El papa Francisco dice que “el gran enemigo de la fe no es la inteligencia, ni la razón, como por desgracia alguien sigue repitiendo obsesivamente, el gran enemigo de la fe es el miedo”. Si tenemos miedo al otro, a lo diferente, o nos atrincheramos en el miedo, ¿cómo nos relacionamos con Dios, con los demás, con el mundo, con uno mismo? Cristo lo ha dicho muchas veces y la Iglesia lo repite constantemente: ¡No tengáis miedo!

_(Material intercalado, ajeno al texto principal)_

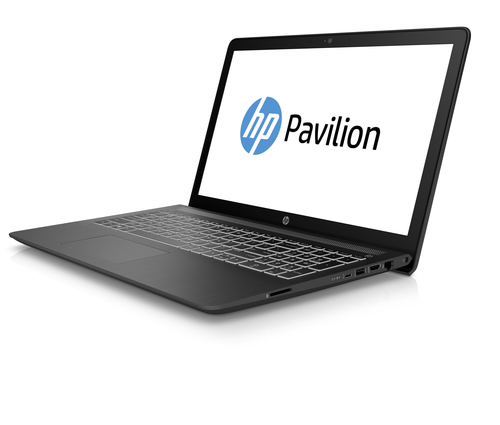HP Pavilion Power 15-cb003tx Intel® Core™ i7 i7-7700HQ Laptop – image 2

Ante la realidad de las migraciones, la vacuna contra el miedo es profundizar en la catolicidad. Comprender que el proyecto de Dios sobre la humanidad y sobre su Pueblo es la comunión, la fraternidad, la cultura de la vida. Ser católico significa compartir la misma fe y profundizar en la universalidad que dibuja un mosaico culturalmente diverso. La catolicidad se desarrolla cuando hacemos nuestro el programa pastoral de San Juan Pablo II para el Tercer Milenio, la “civilización del amor”. Con humildad, liberándonos de la pretensión de construir comunidades ideales o, como dice el papa Francisco, eliminando aduanas; con realismo, con los nombres y las historias de quienes comparten espacio y procesos con nosotros. Construyendo un nosotros cada vez mayor.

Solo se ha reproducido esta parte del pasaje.